***** Dataset records

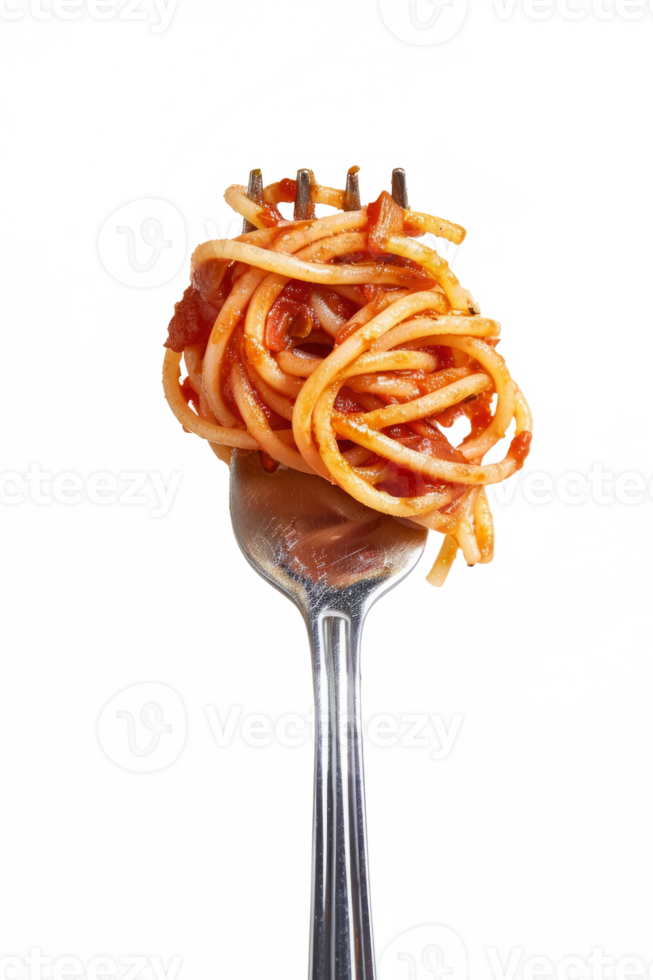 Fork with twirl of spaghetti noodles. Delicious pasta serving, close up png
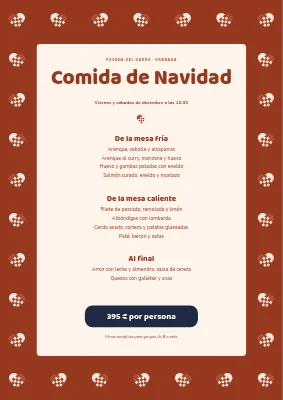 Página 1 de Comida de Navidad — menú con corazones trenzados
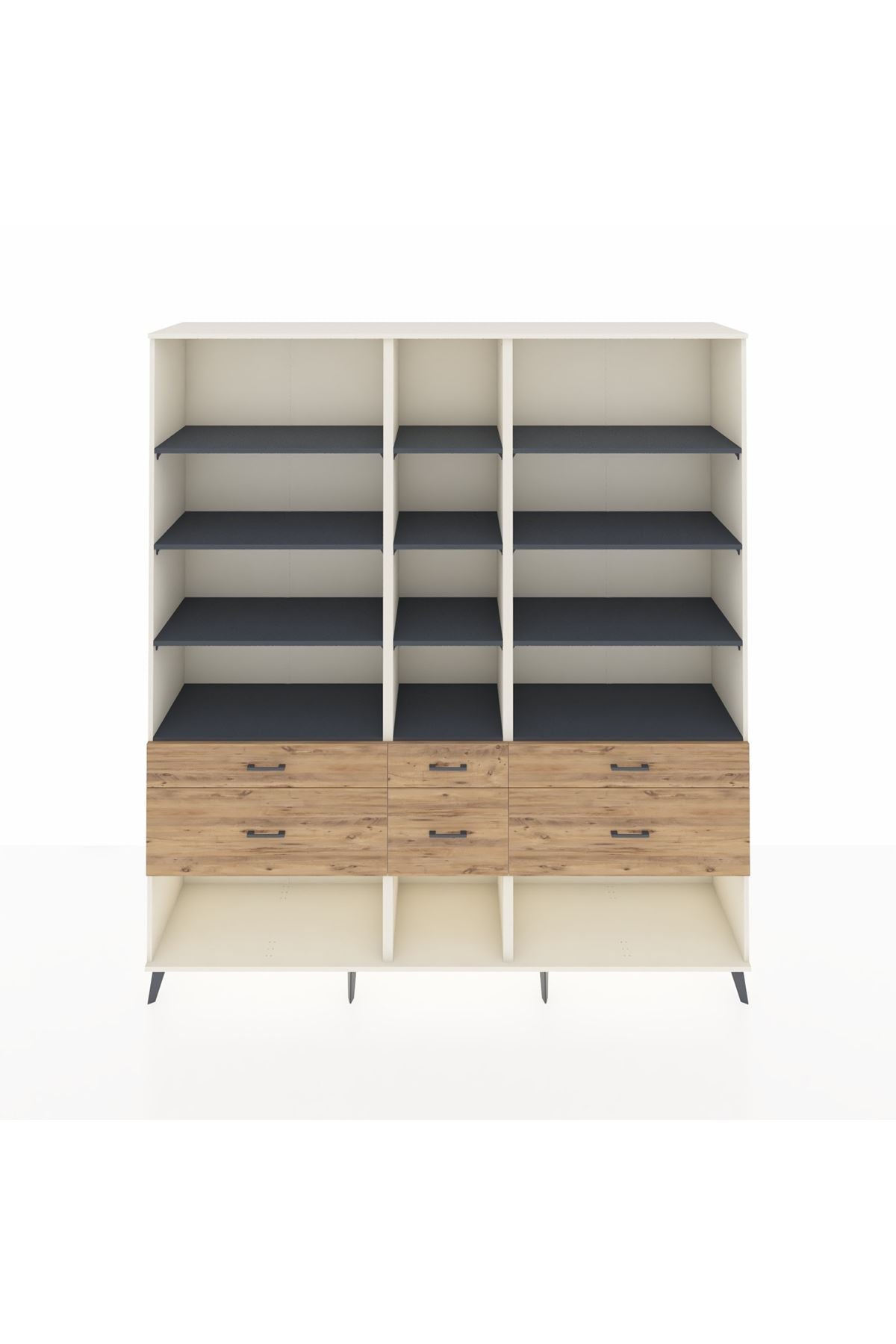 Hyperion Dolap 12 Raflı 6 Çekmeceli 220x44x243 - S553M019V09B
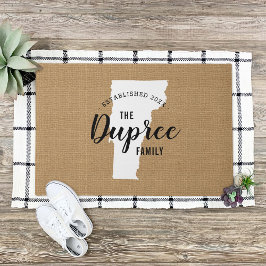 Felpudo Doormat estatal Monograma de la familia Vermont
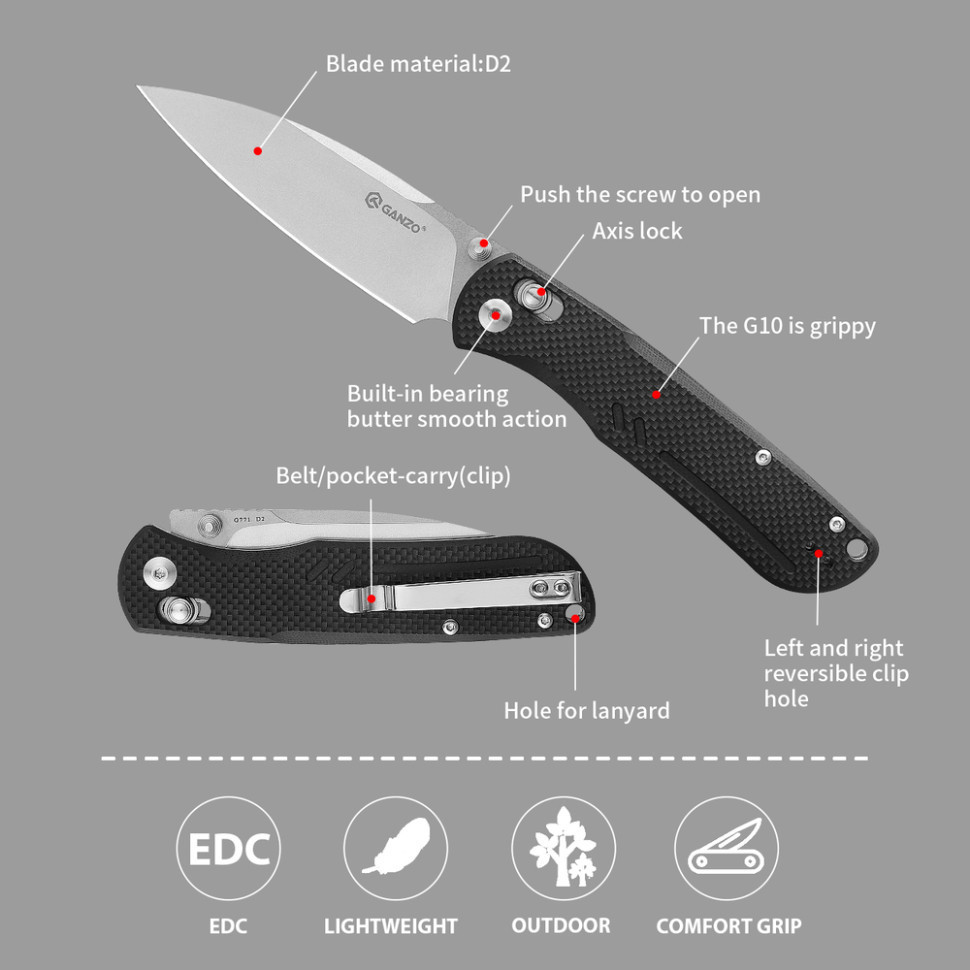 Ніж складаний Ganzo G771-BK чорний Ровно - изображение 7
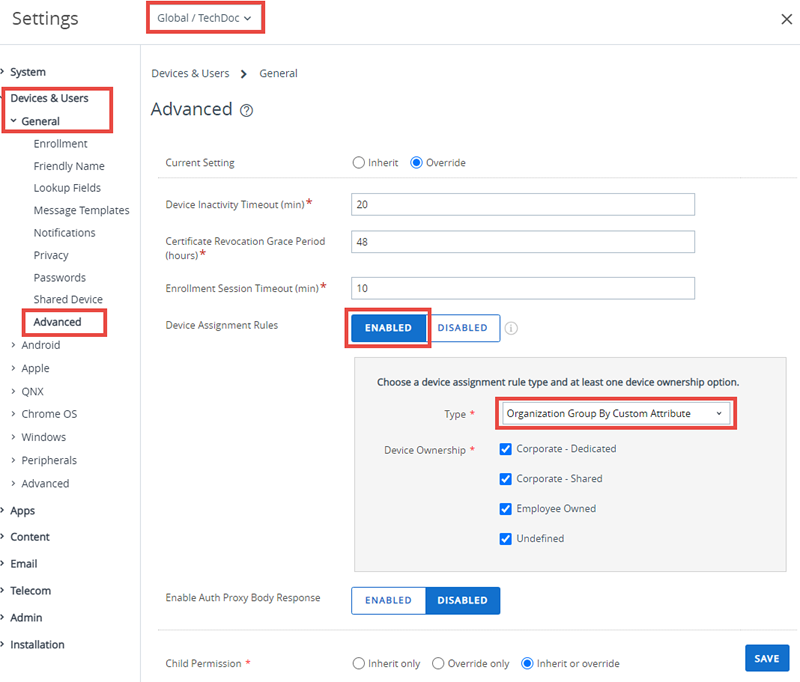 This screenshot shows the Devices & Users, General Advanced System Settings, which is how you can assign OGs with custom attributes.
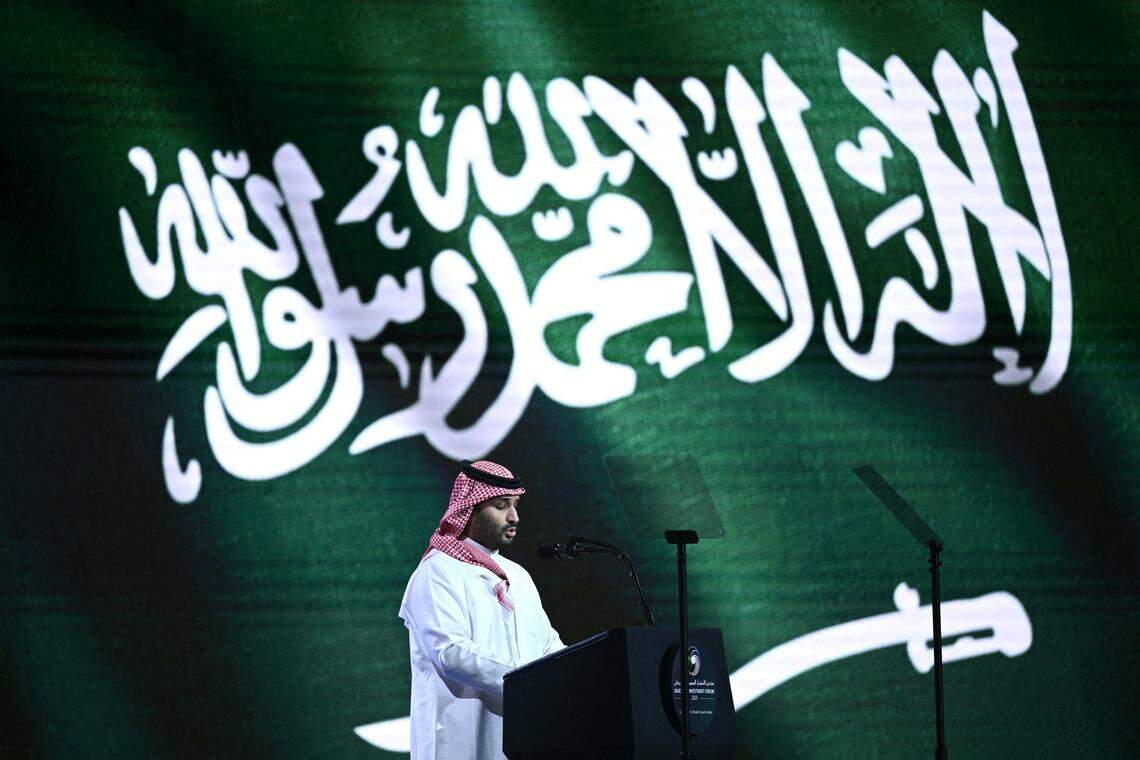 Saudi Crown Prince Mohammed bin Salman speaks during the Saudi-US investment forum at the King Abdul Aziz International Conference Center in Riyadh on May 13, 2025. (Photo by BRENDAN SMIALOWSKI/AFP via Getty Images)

**********

Your copy should match the records word for word, with the pictures removed.

Output:
 Fork with twirl of spaghetti noodles. Delicious pasta serving, close up png
 Página 1 de Comida de Navidad — menú con corazones trenzados
 Hyperion Dolap 12 Raflı 6 Çekmeceli 220x44x243 - S553M019V09B
 Felpudo Doormat estatal Monograma de la familia Vermont
 Ніж складаний Ganzo G771-BK чорний Ровно - изображение 7
 This screenshot shows the Devices & Users, General Advanced System Settings, which is how you can assign OGs with custom attributes.
 Saudi Crown Prince Mohammed bin Salman speaks during the Saudi-US investment forum at the King Abdul Aziz International Conference Center in Riyadh on May 13, 2025. (Photo by BRENDAN SMIALOWSKI/AFP via Getty Images)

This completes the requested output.